Data supplied section start

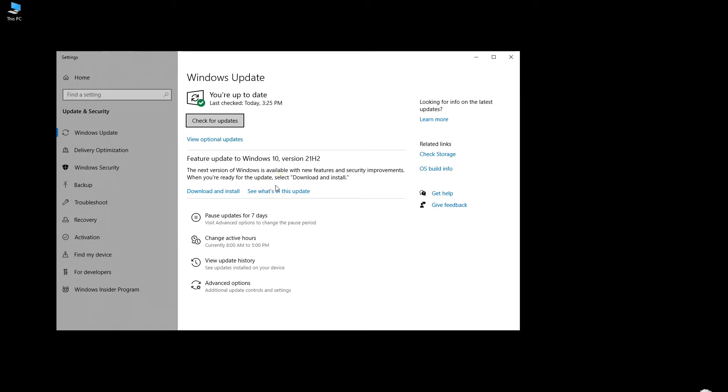Basically this service scans your entire system and checks if any piece of hardware or the operating system itself requires a driver update. So it doesn't just check the graphics card for a driver update but the rest of the system and its components.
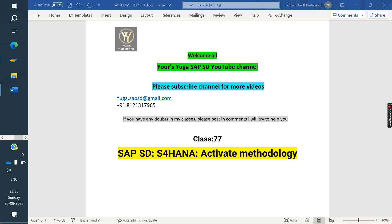Welcome to Eversico SAP's YouTube channel. Please subscribe to the channel for more videos. Today we are discussing Activate Methodology.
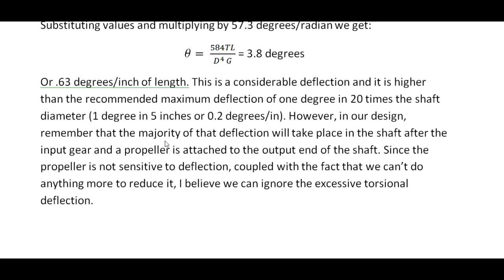This is equivalent to 0.63 degrees per inch of length — a considerable deflection, and higher than the maximum recommended deflection of 1 degree per 20 times the shaft diameter, which would be 0.2 degrees per inch. However, in our design the majority of the deflection takes place in the shaft after the input gear, and there's a propeller attached to the output end. Since a propeller is not particularly sensitive to deflection, and we really can't do much more about the deflection given the shaft size we have, I think we can safely ignore what would traditionally be considered excessive torsional deflection.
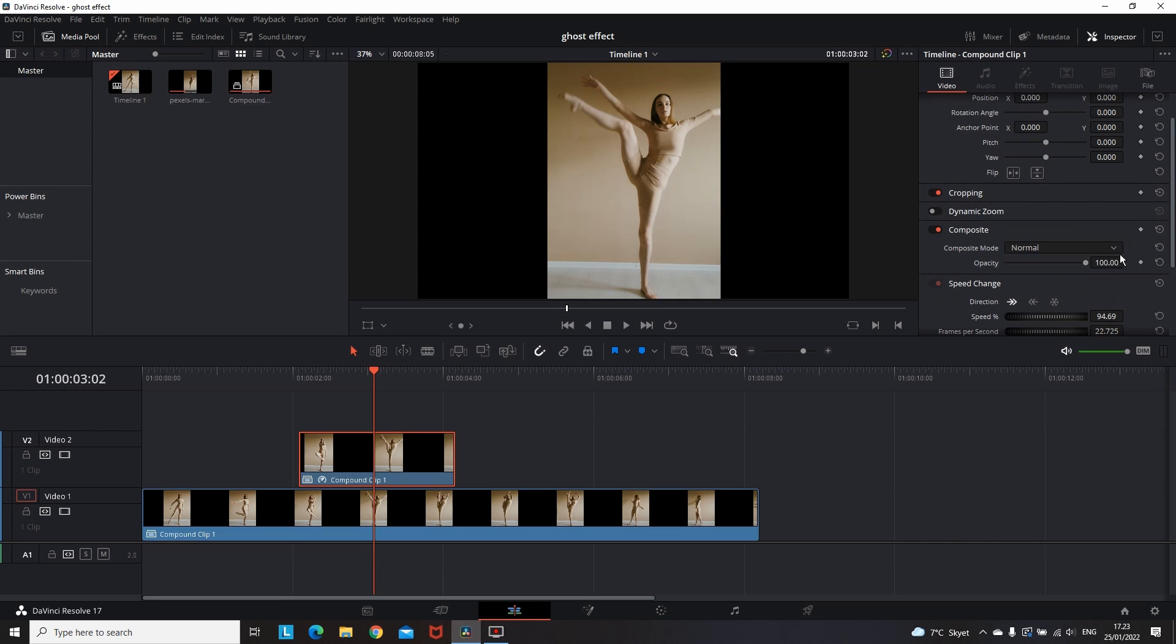Next step: while this clip is highlighted, go to the Inspector and change the opacity to 50%. In some cases this will be enough.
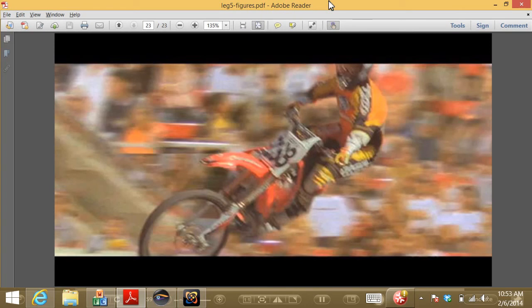A huge amount of visual effects post-production work is spent on rotoscoping foreground objects onto new backgrounds. Some professionals are very skilled at it, and it may be one of the first entry-level jobs in a VFX studio — working through four seconds of video in a day.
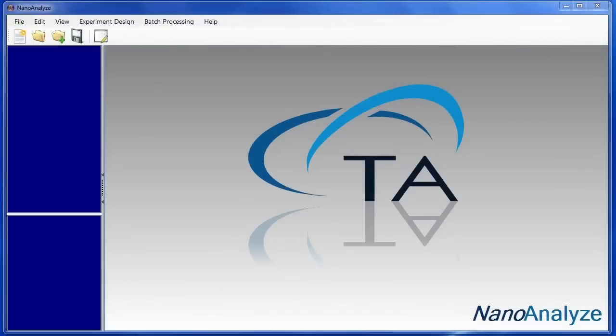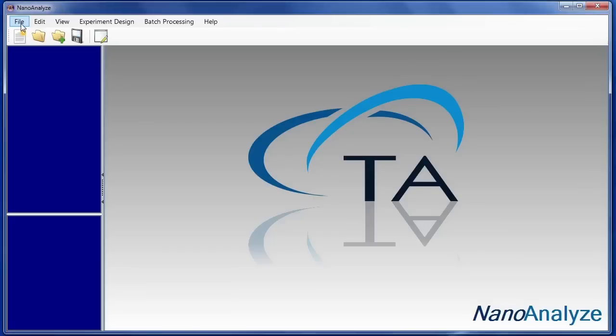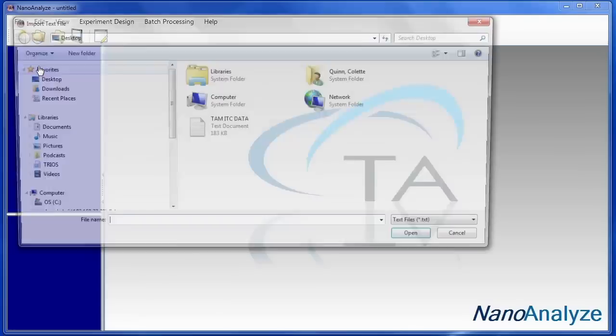After the data file has been saved as a text, NanoAnalyze can be opened. From this point, the data can be imported by clicking on File, Import Text File. And we can find the text file that we want to import and click Open.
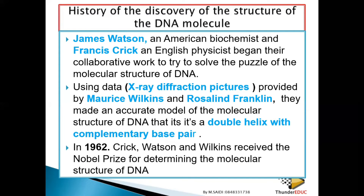Therefore, they say that adenine complements with thymine, and guanine complements with cytosine. Therefore, they call these complementary base pairs. This is how the complementary base pair concept came about.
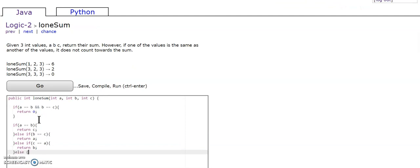But if there are no repeats, we're just going to return A plus B plus C.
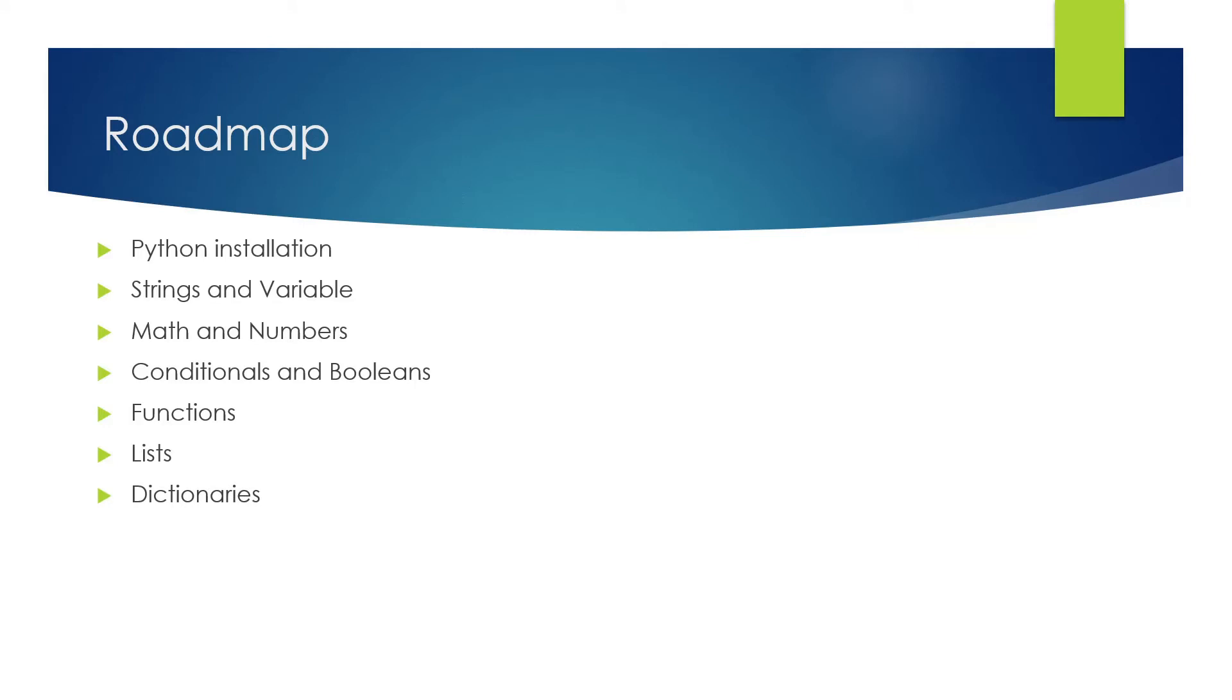After that, we'll do the same thing with dictionaries: how do we declare them, what is the declaration syntax—we'll talk about the syntax for everything—and then taking values, putting values, deleting values, and accessing the values.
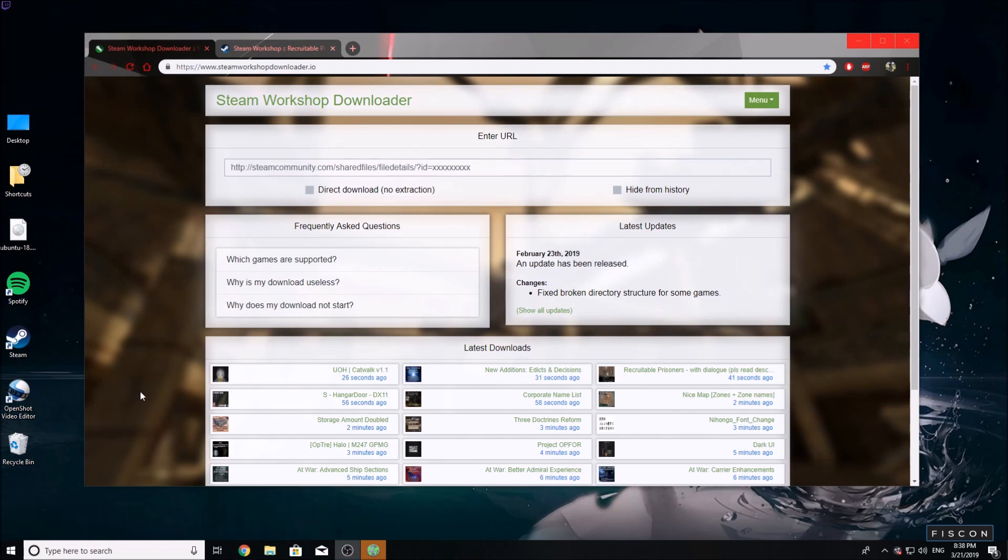Hey guys, Fiscon here to show you how to download workshop mods from Steam without Steam for Kenshi. It's actually pretty simple. All you're going to have to do is go to the URL in the description.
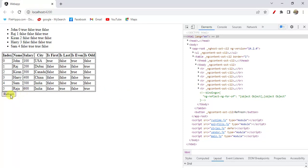ng4 trackby is very helpful when we have complex and large number of items in the list.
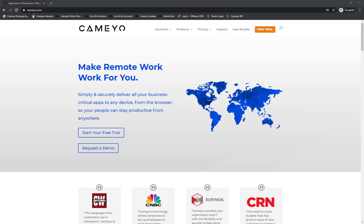Hi, I'm Dustin from Cameo, and today I'm going to show you how you can run your business applications from a web browser. With Cameo, you don't need to have any of your applications installed on your computer, which means you can run your apps from almost any computer with internet access and a web browser.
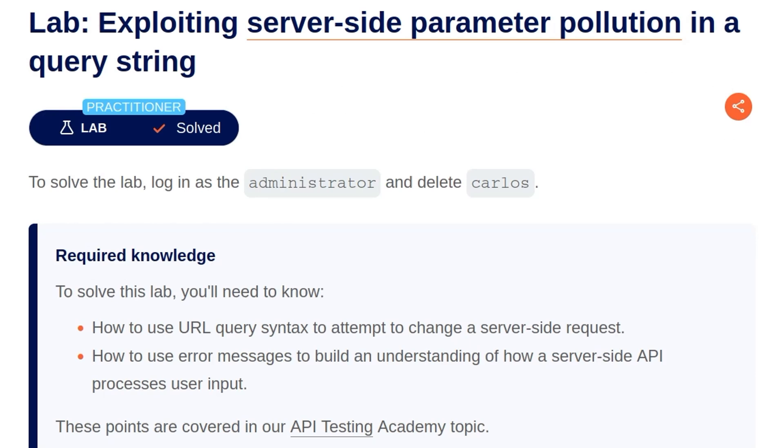In the last video, we finished off what I thought was the third and final lab on API testing, but it turns out that we've created a subcategory called server-side parameter pollution. So there's two more labs that we need to cover, and today we're going to look at exploiting server-side parameter pollution in a query string.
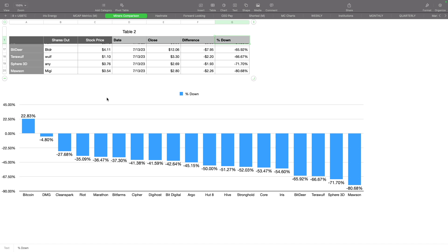I think we're still a couple months out. The SEC and Gary Gensler have been hesitant to approve anything, even though there are now like 12 or 13 applications from high net worth companies—BlackRock and others.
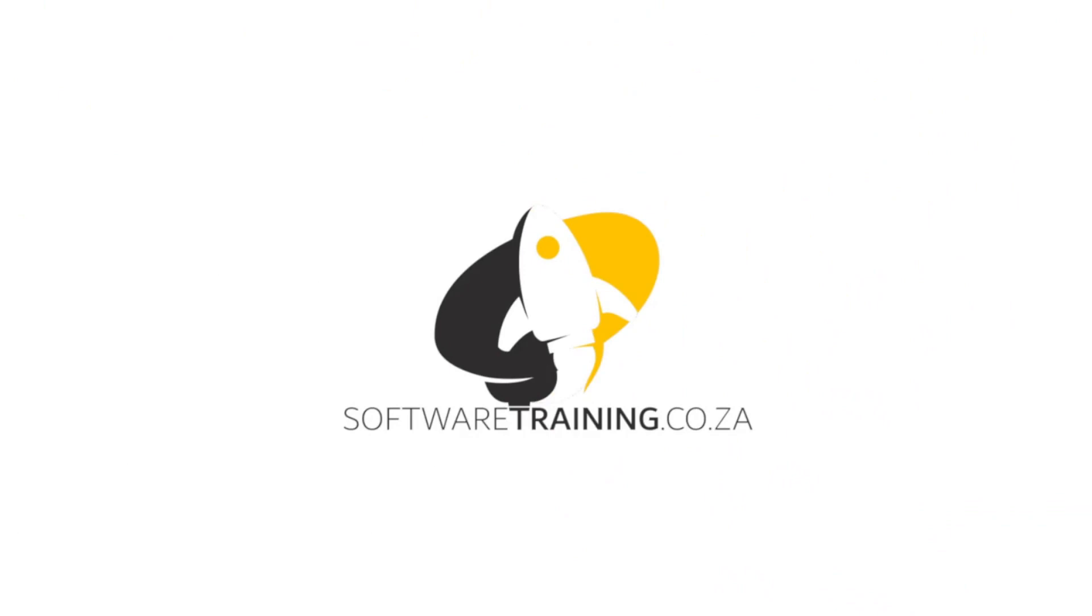So today's video can be found on softwaretraining.co.za. We make short and easy to watch problem solving videos, and we also have daily updates.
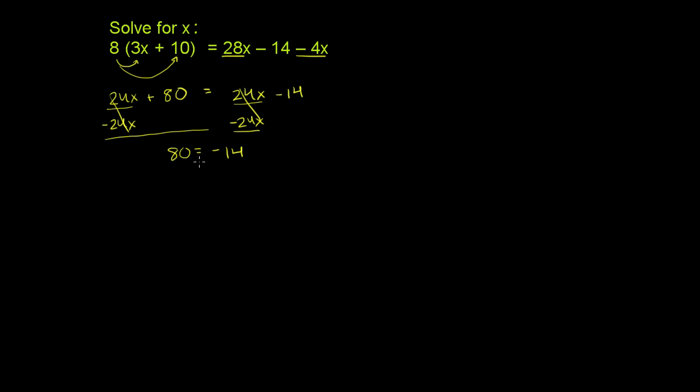They are just inherently unequal. So this equation right here actually has no solution. There is no x value that will make 80 equal to negative 14.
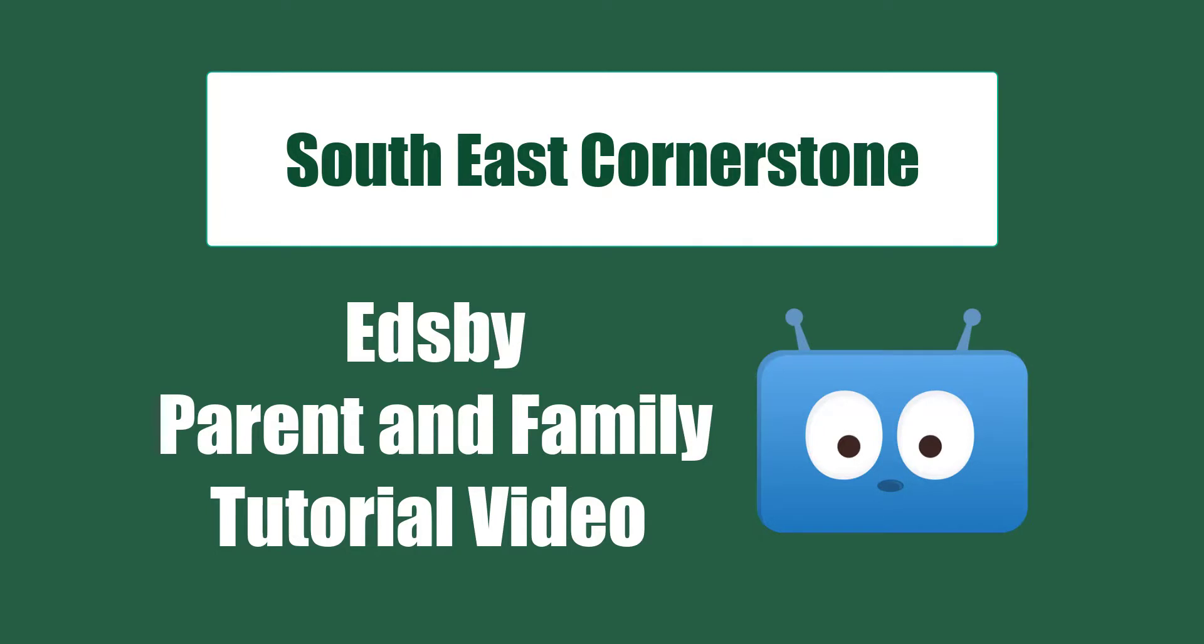Hello and welcome to the Southeast Cornerstone Public School Division EDSB Parent tutorial video. I'm going to help you navigate your new EDSB Parent account.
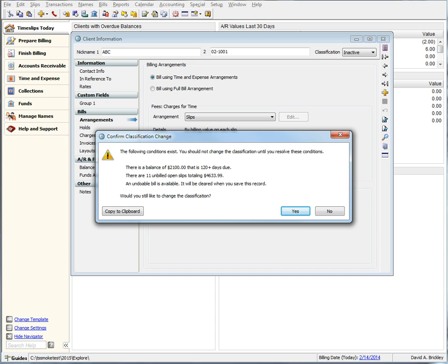the balance amount, how many unbilled AR fund transactions exist and what their total amount is, how many funds accounts exist and their specific balance,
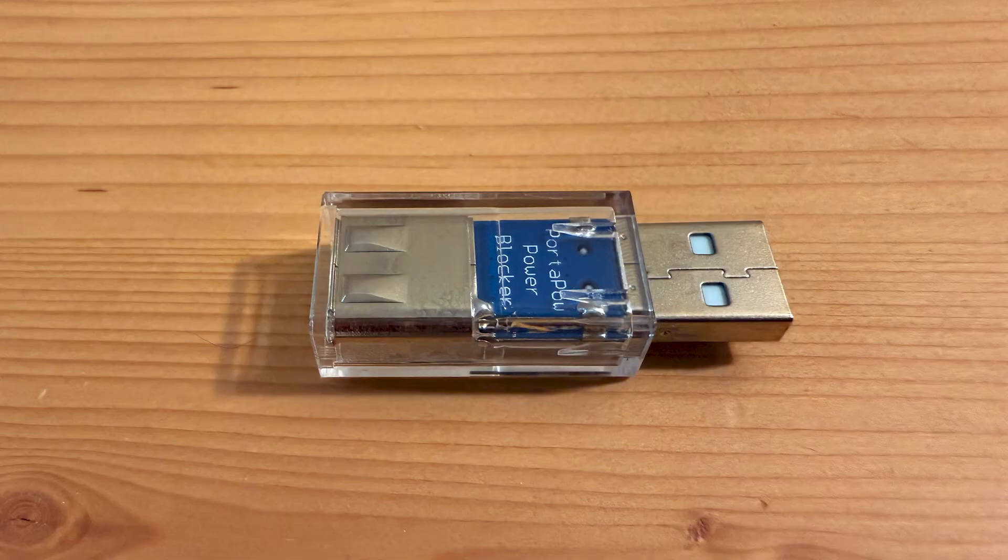One thing you might want to get is a power blocking adapter. This prevents the Raspberry Pi from backpowering your 3D printer. This doesn't happen for everybody, but if you notice your printer being powered, even when it's turned off, this is a cheap solution without messing with any electronics. You can also cut the power wire in the cable, but that's a lot more work.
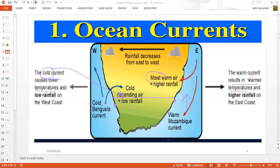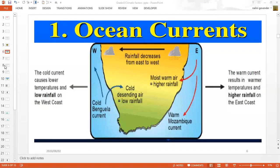The west coast has the cold Benguela current flowing along it, which decreases the temperature of the area. The air is cold, dry, and heavy, so it sinks — descending is a big word for air sinking. When air is cold and dry, there is a smaller chance of getting rain. Therefore, the west coast area has lower rainfall, all because of the ocean currents.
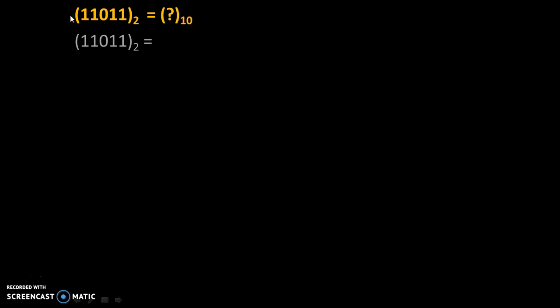Suppose we need to convert (11011)₂ = (?)₁₀. Here, base 2 means this number is in binary number system, and base 10 means this number is in decimal number system.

Data supplied section end

- Instructions to follow
Your task is to reproduce exactly the lines from the start of the data above through the line containing "Welcome to Eversico", leaving every picture out.

- Task output
Basically this service scans your entire system and checks if any piece of hardware or the operating system itself requires a driver update. So it doesn't just check the graphics card for a driver update but the rest of the system and its components.
Welcome to Eversico SAP's YouTube channel. Please subscribe to the channel for more videos. Today we are discussing Activate Methodology.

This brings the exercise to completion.